*** Opening of DATASET ENTRIES ***
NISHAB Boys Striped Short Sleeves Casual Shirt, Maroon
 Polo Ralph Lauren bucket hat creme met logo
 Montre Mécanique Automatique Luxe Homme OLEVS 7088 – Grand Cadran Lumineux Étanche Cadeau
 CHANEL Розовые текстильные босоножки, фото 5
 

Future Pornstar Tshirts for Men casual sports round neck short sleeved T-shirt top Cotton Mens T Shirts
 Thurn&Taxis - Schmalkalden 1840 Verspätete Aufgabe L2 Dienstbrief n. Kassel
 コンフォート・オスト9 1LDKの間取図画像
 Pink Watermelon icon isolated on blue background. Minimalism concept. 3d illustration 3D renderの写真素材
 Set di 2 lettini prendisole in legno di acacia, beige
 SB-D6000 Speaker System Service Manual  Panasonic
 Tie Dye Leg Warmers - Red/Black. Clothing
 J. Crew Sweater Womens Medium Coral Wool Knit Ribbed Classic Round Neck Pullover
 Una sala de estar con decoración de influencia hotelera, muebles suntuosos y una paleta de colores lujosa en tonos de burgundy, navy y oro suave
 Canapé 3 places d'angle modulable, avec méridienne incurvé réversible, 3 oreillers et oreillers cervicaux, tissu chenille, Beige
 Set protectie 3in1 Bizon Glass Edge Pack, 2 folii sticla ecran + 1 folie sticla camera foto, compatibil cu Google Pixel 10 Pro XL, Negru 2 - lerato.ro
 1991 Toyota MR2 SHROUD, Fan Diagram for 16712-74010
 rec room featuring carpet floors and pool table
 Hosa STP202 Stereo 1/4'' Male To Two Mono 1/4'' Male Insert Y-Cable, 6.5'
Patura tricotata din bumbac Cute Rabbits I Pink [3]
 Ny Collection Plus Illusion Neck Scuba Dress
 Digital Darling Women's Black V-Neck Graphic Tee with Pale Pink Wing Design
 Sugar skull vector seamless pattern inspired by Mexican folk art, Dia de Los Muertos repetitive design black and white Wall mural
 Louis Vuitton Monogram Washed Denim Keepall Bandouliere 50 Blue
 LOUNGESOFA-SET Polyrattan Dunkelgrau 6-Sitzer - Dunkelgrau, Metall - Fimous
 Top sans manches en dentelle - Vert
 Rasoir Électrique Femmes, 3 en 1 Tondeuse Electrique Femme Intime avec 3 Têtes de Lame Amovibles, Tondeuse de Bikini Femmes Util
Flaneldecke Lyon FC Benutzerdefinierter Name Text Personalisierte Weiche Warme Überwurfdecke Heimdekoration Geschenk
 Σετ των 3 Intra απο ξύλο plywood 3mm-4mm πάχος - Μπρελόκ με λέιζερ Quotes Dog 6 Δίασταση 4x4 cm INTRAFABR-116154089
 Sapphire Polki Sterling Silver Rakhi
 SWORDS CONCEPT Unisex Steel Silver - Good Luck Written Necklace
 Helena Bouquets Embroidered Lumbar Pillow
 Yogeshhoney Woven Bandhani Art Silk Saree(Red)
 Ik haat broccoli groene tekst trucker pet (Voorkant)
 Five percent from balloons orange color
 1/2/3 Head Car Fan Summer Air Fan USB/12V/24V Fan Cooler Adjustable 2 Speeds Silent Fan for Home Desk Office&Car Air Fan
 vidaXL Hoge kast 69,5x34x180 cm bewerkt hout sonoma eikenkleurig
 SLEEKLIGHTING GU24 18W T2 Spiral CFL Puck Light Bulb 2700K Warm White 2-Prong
*** Close of DATASET ENTRIES ***
Transcribe the records in full, so that each line reads exactly as before.

◆ **SOLUTION BELOW**:
NISHAB Boys Striped Short Sleeves Casual Shirt, Maroon
 Polo Ralph Lauren bucket hat creme met logo
 Montre Mécanique Automatique Luxe Homme OLEVS 7088 – Grand Cadran Lumineux Étanche Cadeau
 CHANEL Розовые текстильные босоножки, фото 5
 

Future Pornstar Tshirts for Men casual sports round neck short sleeved T-shirt top Cotton Mens T Shirts
 Thurn&Taxis - Schmalkalden 1840 Verspätete Aufgabe L2 Dienstbrief n. Kassel
 コンフォート・オスト9 1LDKの間取図画像
 Pink Watermelon icon isolated on blue background. Minimalism concept. 3d illustration 3D renderの写真素材
 Set di 2 lettini prendisole in legno di acacia, beige
 SB-D6000 Speaker System Service Manual  Panasonic
 Tie Dye Leg Warmers - Red/Black. Clothing
 J. Crew Sweater Womens Medium Coral Wool Knit Ribbed Classic Round Neck Pullover
 Una sala de estar con decoración de influencia hotelera, muebles suntuosos y una paleta de colores lujosa en tonos de burgundy, navy y oro suave
 Canapé 3 places d'angle modulable, avec méridienne incurvé réversible, 3 oreillers et oreillers cervicaux, tissu chenille, Beige
 Set protectie 3in1 Bizon Glass Edge Pack, 2 folii sticla ecran + 1 folie sticla camera foto, compatibil cu Google Pixel 10 Pro XL, Negru 2 - lerato.ro
 1991 Toyota MR2 SHROUD, Fan Diagram for 16712-74010
 rec room featuring carpet floors and pool table
 Hosa STP202 Stereo 1/4'' Male To Two Mono 1/4'' Male Insert Y-Cable, 6.5'
Patura tricotata din bumbac Cute Rabbits I Pink [3]
 Ny Collection Plus Illusion Neck Scuba Dress
 Digital Darling Women's Black V-Neck Graphic Tee with Pale Pink Wing Design
 Sugar skull vector seamless pattern inspired by Mexican folk art, Dia de Los Muertos repetitive design black and white Wall mural
 Louis Vuitton Monogram Washed Denim Keepall Bandouliere 50 Blue
 LOUNGESOFA-SET Polyrattan Dunkelgrau 6-Sitzer - Dunkelgrau, Metall - Fimous
 Top sans manches en dentelle - Vert
 Rasoir Électrique Femmes, 3 en 1 Tondeuse Electrique Femme Intime avec 3 Têtes de Lame Amovibles, Tondeuse de Bikini Femmes Util
Flaneldecke Lyon FC Benutzerdefinierter Name Text Personalisierte Weiche Warme Überwurfdecke Heimdekoration Geschenk
 Σετ των 3 Intra απο ξύλο plywood 3mm-4mm πάχος - Μπρελόκ με λέιζερ Quotes Dog 6 Δίασταση 4x4 cm INTRAFABR-116154089
 Sapphire Polki Sterling Silver Rakhi
 SWORDS CONCEPT Unisex Steel Silver - Good Luck Written Necklace
 Helena Bouquets Embroidered Lumbar Pillow
 Yogeshhoney Woven Bandhani Art Silk Saree(Red)
 Ik haat broccoli groene tekst trucker pet (Voorkant)
 Five percent from balloons orange color
 1/2/3 Head Car Fan Summer Air Fan USB/12V/24V Fan Cooler Adjustable 2 Speeds Silent Fan for Home Desk Office&Car Air Fan
 vidaXL Hoge kast 69,5x34x180 cm bewerkt hout sonoma eikenkleurig
 SLEEKLIGHTING GU24 18W T2 Spiral CFL Puck Light Bulb 2700K Warm White 2-Prong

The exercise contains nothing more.